[design] defining schema for relationships between definition nodes
(WIP)
Background
As they are currently defined, we have three unique node types, DirectoryNode, FileNode, and DefinitionNode. All three are similar, and we can potentially merge them in a single Node type, and just have sparse columns, as Kuzu is a columnar database, and automatically compresses sparse column segments. But for now, let us assume that we have all three.

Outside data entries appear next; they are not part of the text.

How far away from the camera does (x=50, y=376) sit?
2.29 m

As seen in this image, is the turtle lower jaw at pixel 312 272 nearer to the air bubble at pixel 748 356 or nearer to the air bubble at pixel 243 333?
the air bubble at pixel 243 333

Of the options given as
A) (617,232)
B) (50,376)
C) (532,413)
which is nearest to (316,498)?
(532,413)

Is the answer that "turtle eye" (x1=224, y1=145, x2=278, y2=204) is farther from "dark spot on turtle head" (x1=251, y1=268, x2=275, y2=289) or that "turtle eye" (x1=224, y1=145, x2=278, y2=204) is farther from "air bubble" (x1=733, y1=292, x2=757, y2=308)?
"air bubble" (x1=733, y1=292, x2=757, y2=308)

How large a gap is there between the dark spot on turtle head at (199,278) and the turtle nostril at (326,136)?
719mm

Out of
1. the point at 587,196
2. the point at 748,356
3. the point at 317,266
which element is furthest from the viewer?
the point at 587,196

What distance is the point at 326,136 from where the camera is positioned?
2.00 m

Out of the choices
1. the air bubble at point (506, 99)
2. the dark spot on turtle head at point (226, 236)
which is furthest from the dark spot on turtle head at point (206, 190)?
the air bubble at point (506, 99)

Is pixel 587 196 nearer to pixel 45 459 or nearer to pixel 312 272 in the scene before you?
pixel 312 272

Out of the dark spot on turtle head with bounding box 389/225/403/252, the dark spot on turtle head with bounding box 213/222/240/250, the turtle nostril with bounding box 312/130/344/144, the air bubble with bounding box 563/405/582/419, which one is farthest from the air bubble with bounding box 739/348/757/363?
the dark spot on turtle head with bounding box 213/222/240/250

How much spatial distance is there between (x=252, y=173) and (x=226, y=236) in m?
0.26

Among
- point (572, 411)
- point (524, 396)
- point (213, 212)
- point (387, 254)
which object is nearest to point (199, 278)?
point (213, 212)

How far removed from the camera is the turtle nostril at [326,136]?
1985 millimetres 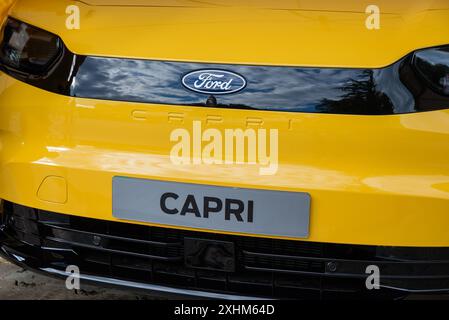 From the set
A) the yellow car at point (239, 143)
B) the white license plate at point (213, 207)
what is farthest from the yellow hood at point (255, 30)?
the white license plate at point (213, 207)

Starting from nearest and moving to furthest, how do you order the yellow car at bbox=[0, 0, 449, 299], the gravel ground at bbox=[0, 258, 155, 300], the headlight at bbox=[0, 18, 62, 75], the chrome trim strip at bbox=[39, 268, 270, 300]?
the yellow car at bbox=[0, 0, 449, 299] < the chrome trim strip at bbox=[39, 268, 270, 300] < the headlight at bbox=[0, 18, 62, 75] < the gravel ground at bbox=[0, 258, 155, 300]

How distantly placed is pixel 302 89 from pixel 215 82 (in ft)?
0.84

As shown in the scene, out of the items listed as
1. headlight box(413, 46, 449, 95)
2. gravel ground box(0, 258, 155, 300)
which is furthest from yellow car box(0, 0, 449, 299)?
gravel ground box(0, 258, 155, 300)

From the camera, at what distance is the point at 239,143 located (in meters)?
1.83

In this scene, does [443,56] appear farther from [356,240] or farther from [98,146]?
[98,146]

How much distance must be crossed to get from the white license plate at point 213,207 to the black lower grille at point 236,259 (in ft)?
0.21

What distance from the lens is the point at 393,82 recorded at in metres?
1.79

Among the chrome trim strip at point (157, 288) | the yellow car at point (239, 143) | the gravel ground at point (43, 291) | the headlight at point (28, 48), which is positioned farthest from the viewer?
the gravel ground at point (43, 291)

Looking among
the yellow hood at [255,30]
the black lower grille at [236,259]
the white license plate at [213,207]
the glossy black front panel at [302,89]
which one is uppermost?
the yellow hood at [255,30]

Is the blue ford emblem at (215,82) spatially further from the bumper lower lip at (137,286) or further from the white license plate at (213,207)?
the bumper lower lip at (137,286)

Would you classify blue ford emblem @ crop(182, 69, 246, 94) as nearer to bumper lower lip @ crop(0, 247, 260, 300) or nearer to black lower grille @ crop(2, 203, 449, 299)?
black lower grille @ crop(2, 203, 449, 299)

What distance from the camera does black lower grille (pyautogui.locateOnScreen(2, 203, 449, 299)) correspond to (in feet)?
6.08

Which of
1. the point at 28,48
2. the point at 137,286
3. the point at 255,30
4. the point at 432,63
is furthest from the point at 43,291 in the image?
the point at 432,63

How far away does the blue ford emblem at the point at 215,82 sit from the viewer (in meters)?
1.83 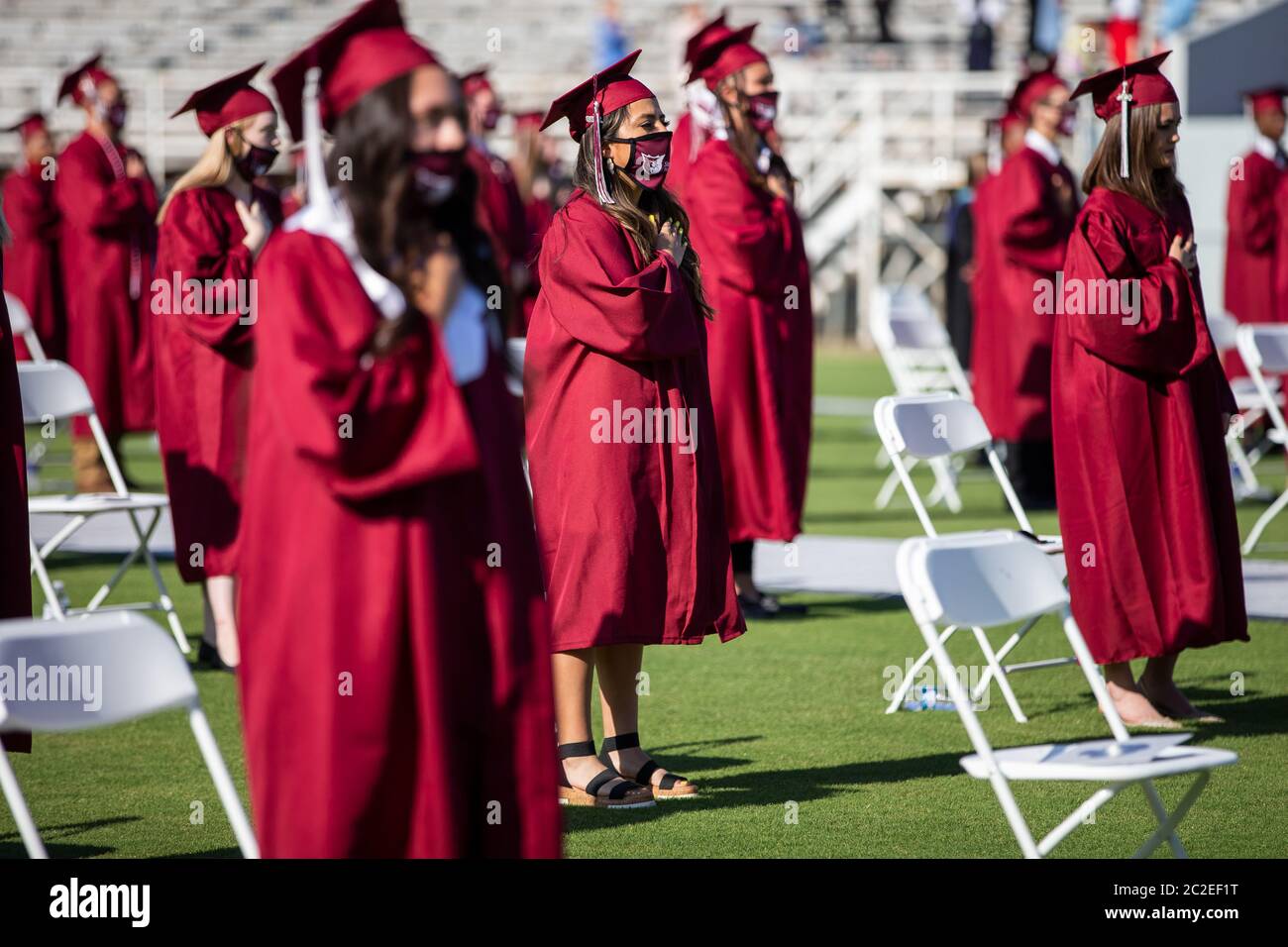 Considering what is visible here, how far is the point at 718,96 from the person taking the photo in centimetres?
834

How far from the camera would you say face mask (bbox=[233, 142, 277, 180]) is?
723cm

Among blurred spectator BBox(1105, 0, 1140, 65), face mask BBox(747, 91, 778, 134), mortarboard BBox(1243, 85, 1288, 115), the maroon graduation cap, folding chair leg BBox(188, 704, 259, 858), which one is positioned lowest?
folding chair leg BBox(188, 704, 259, 858)

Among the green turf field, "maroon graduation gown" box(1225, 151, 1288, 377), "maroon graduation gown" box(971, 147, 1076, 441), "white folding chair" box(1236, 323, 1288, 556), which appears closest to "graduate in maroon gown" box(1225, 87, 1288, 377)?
"maroon graduation gown" box(1225, 151, 1288, 377)

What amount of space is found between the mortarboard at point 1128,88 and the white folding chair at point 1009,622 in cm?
239

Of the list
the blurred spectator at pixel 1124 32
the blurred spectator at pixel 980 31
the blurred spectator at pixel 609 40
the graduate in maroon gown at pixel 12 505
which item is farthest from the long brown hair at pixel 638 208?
the blurred spectator at pixel 980 31

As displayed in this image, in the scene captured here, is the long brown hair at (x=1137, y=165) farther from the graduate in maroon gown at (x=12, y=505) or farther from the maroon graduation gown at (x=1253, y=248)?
the maroon graduation gown at (x=1253, y=248)

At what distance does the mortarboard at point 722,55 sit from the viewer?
8.18 metres

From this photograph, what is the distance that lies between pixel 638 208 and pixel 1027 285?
6.97 metres

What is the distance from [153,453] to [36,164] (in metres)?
2.82

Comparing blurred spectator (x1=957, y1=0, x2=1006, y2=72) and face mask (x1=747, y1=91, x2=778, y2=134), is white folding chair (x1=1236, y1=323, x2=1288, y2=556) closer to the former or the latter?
face mask (x1=747, y1=91, x2=778, y2=134)

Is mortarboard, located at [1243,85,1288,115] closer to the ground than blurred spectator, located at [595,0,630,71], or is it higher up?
closer to the ground

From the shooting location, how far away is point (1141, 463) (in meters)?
6.37

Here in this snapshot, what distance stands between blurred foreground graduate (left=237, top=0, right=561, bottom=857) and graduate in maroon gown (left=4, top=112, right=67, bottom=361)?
418 inches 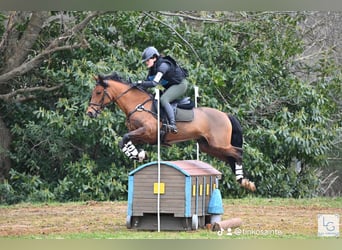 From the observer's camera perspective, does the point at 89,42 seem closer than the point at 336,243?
No

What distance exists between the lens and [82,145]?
9375 mm

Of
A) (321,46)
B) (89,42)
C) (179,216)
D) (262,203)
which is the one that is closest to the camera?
(179,216)

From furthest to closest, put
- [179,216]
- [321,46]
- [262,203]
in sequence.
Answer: [321,46] → [262,203] → [179,216]

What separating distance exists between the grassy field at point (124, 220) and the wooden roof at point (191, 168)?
1.52ft

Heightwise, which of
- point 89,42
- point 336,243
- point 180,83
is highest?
point 89,42

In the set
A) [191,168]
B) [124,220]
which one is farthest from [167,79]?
[124,220]

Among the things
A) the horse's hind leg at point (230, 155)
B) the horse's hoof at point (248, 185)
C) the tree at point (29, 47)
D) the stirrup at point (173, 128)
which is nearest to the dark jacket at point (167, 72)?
the stirrup at point (173, 128)

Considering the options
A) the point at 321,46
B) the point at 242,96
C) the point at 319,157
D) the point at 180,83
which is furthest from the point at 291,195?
the point at 180,83

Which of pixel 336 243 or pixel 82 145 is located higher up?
pixel 82 145

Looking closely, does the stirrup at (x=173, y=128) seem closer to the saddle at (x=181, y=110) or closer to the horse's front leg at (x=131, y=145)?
the saddle at (x=181, y=110)

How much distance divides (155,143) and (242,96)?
1.96 m

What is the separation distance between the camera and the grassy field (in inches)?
292

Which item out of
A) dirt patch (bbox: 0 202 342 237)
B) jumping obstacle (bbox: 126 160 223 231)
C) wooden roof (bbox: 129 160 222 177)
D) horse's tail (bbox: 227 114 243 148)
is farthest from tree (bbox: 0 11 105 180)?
jumping obstacle (bbox: 126 160 223 231)

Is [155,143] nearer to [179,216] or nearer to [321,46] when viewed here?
[179,216] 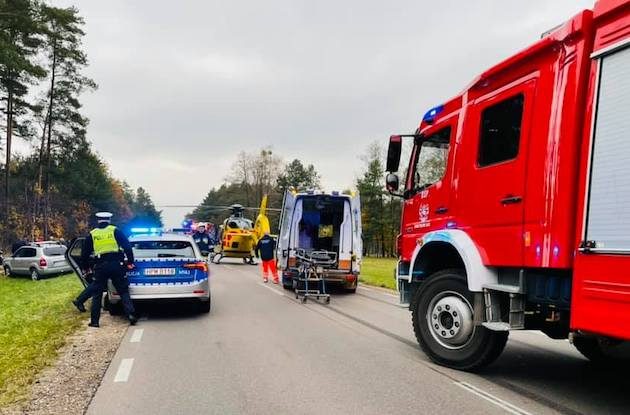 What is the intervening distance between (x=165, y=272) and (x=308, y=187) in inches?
1397

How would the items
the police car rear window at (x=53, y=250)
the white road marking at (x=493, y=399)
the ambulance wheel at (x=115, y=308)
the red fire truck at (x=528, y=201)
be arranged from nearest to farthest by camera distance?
the red fire truck at (x=528, y=201), the white road marking at (x=493, y=399), the ambulance wheel at (x=115, y=308), the police car rear window at (x=53, y=250)

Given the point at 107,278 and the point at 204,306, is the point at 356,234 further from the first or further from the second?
the point at 107,278

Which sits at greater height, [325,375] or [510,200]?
[510,200]

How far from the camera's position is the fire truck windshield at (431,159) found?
21.2 ft

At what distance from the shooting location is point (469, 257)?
560cm

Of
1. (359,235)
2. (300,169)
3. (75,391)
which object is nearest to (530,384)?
(75,391)

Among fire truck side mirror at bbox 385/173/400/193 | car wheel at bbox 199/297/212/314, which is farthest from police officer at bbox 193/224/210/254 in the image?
fire truck side mirror at bbox 385/173/400/193

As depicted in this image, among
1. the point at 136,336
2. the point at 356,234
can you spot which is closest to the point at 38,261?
the point at 356,234

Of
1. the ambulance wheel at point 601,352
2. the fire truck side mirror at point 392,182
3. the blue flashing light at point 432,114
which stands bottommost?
the ambulance wheel at point 601,352

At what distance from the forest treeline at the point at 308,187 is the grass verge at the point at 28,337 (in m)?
32.5

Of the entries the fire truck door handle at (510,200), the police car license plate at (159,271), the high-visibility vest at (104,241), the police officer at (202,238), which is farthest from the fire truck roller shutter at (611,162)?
the police officer at (202,238)

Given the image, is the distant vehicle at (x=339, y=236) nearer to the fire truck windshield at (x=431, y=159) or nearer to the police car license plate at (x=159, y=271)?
the police car license plate at (x=159, y=271)

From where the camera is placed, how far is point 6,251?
124 ft

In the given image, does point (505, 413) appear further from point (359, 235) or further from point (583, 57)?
point (359, 235)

To represent relationships between nodes, I propose we have a single relationships table with the following schema, at most, for every node type:
relationships
| Property | Type | Description |
|---|---|---|
source_id |
UINT32 | Outgoing or "sender" node id |
target_id |
UINT32 | Incoming or "receiver" node id |
type |
UINT8 | Relationship type |
Kuzu doesn't have an Enum type, so we'll be stuck something like UINT8 (255 possible relationship types), and converting the integer to a string. Or mapping a string to an integer in the case of using this for agentic RAG. Luckily, if we run out of UINT8 slots, we could always do a schema migration to UINT16.
To note, we could store the below relationships (originally defined in @michaelangeloio's E2E MR) entirely outside of Kuzu, or have a relationship_metadata table if we want to join on relationship strings like MODULE_TO_METHOD too, which helps us avoid using up too much memory when constructing/storing the DB, and still gives us the DX niceties of building queries without needing to write join predicates like ON type=5.
Definition Relationships We Currently Capture
All relationships below are FROM DefinitionNode TO DefinitionNode
Module Relationships
| Relationship Type | Description |
|---|---|
MODULE_TO_CLASS |
Module contains class definition |
MODULE_TO_MODULE |
Module contains/imports another module |
MODULE_TO_METHOD |
Module contains method definition |
MODULE_TO_SINGLETON_METHOD |
Module contains singleton method |
MODULE_TO_CONSTANT |
Module contains constant definition |
MODULE_TO_LAMBDA |
Module contains lambda definition |
MODULE_TO_PROC |
Module contains proc definition |
Class Relationships
| Relationship Type | Description |
|---|---|
CLASS_TO_METHOD |
Class contains method definition |
CLASS_TO_ATTRIBUTE |
Class contains attribute definition |
CLASS_TO_CONSTANT |
Class contains constant definition |
CLASS_INHERITS_FROM |
Class inheritance relationship |
CLASS_TO_SINGLETON_METHOD |
Class contains singleton method |
CLASS_TO_CLASS |
Class contains nested class |
CLASS_TO_LAMBDA |
Class contains lambda definition |
CLASS_TO_PROC |
Class contains proc definition |
Method Relationships
| Relationship Type | Description |
|---|---|
METHOD_CALLS |
Method calls another method |
METHOD_TO_BLOCK |
Method contains block definition |
SINGLETON_METHOD_TO_BLOCK |
Singleton method contains block |